Rock, jazz and hip hop influences in period Chinese musical premiering in Hong Kong about a psychic lawyer
- The Impossible Trial, a play about a Qing dynasty lawyer and the voice he hears, is the first Cantonese musical to premiere in West Kowloon Cultural District
- It has a ‘modern sensibility’ its creators hope will attract a wide audience, and will be staged with English subtitles at the Xiqu Centre for Chinese opera

Rock, hip hop and jazz may not be what one would expect to hear during a Cantonese musical set in the Qing dynasty, but those are the influences that composer Leon Ko cites when describing his latest project.
Set to open on September 9 at the Xiqu Centre, The Impossible Trial will be the first original Cantonese musical to premiere in Hong Kong’s West Kowloon Cultural District (WKCD).
It follows the greedy Fong Tong-geng, a Qing dynasty (1644-1912) barrister who is willing to take on any case – no matter how dirty – as long as he is paid. Of course, there’s a twist: a mysterious voice lends him the powerful ability to know exactly what others are thinking.
“A very obvious case at the very beginning is completely turned around because of his ability and his agility,” Ko explains. “From that point on, it’s about the relationship between him and this voice that is helping him.
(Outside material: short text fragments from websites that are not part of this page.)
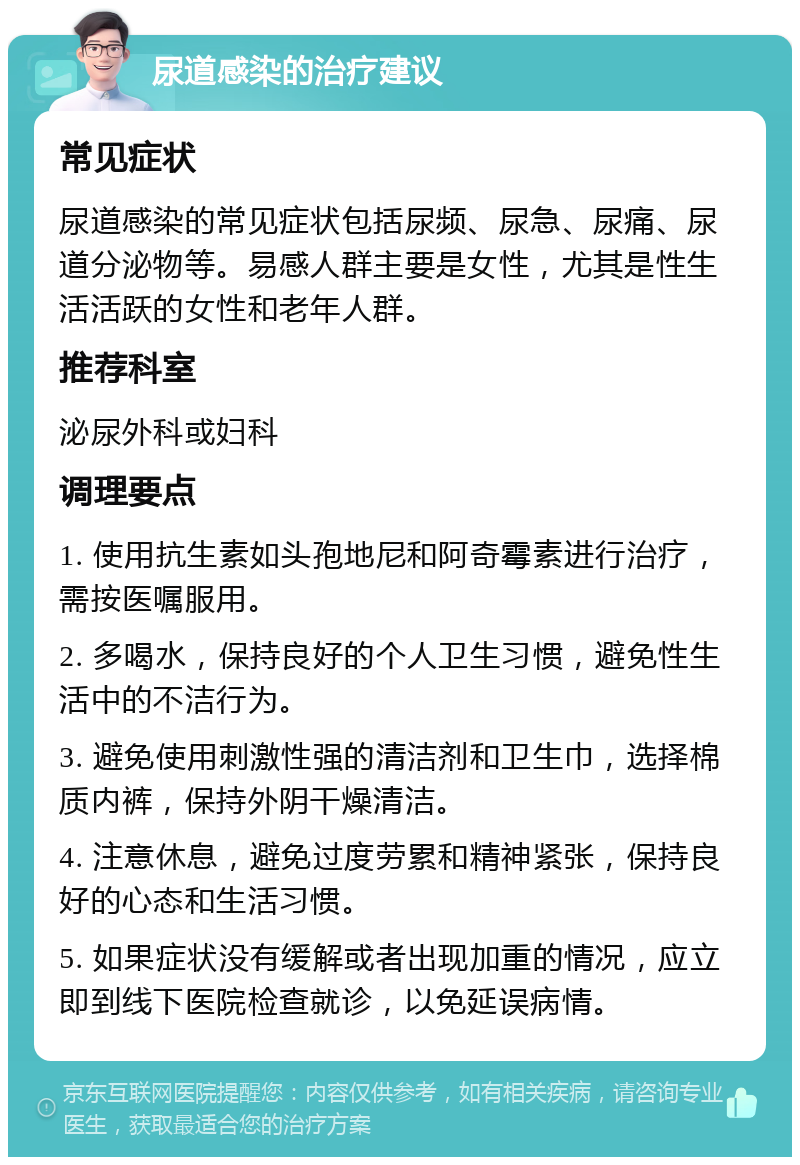 尿道感染的治疗建议 常见症状 尿道感染的常见症状包括尿频、尿急、尿痛、尿道分泌物等。易感人群主要是女性，尤其是性生活活跃的女性和老年人群。 推荐科室 泌尿外科或妇科 调理要点 1. 使用抗生素如头孢地尼和阿奇霉素进行治疗，需按医嘱服用。 2. 多喝水，保持良好的个人卫生习惯，避免性生活中的不洁行为。 3. 避免使用刺激性强的清洁剂和卫生巾，选择棉质内裤，保持外阴干燥清洁。 4. 注意休息，避免过度劳累和精神紧张，保持良好的心态和生活习惯。 5. 如果症状没有缓解或者出现加重的情况，应立即到线下医院检查就诊，以免延误病情。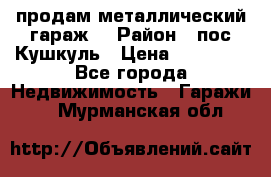 продам металлический гараж  › Район ­ пос.Кушкуль › Цена ­ 60 000 - Все города Недвижимость » Гаражи   . Мурманская обл.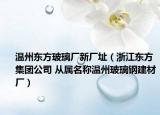 温州东方玻璃厂新厂址（浙江东方集团公司 从属名称温州玻璃钢建材厂）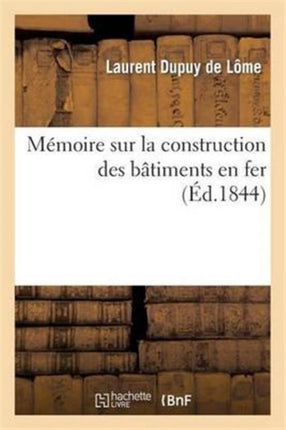 Mémoire Sur La Construction Des Bâtiments En Fer: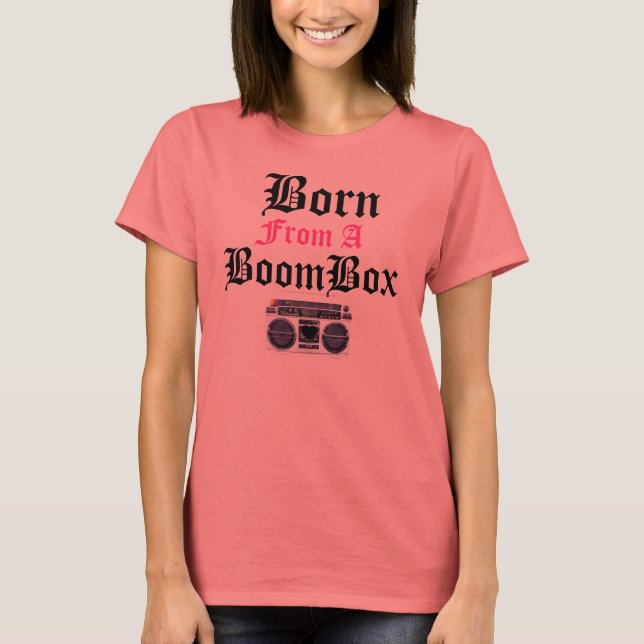 Born From A Boom Box T-Shirt (Front)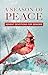 A Season of Peace: Advent D...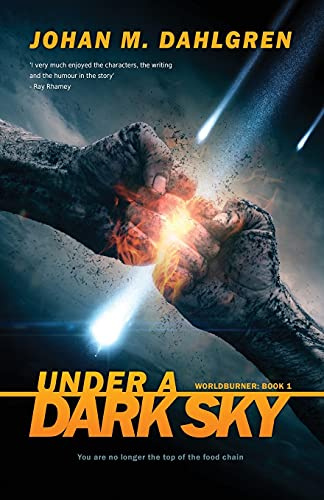 Under A Dark Sky (Worldburner, Band 1)
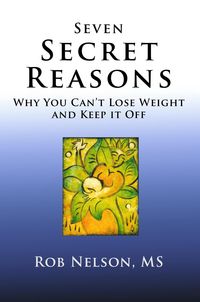 Produktbild: Seven Secret Reasons - Why You Can't Lose Weight And Keep It Off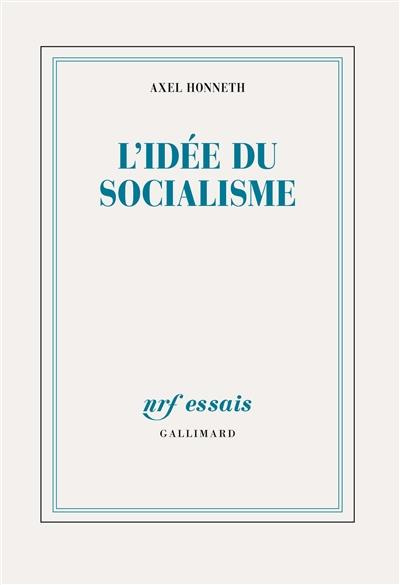 Emprunter L'idée du socialisme. Un essai d'actualisation livre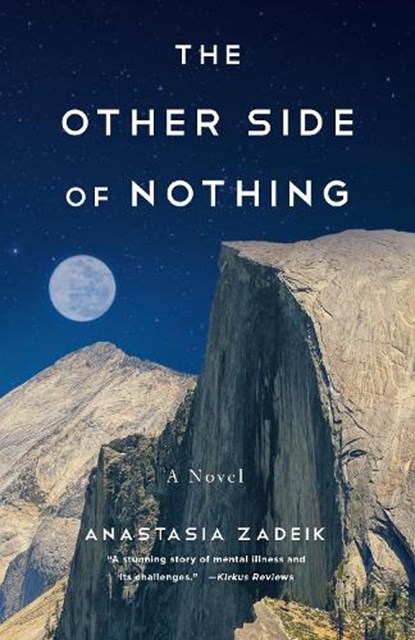 The Other Side of Nothing, Anastasia Zadeik - Paperback - 9781647426682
And that’s [how] the story unfolds – you find out what you think in the beginning is not what it becomes.”

Ko, together with lyricist Chris Shum Wai-chung, first conceived the idea for a musical set in a Qing dynasty courtroom in 2015. Two years later, they began working with Louis Yu Kwok-lit, then the executive director of performing arts at WKCD, to bring the project to life as a collaboration between performing arts centre Freespace, and the Hong Kong Repertory Theatre (HKRep).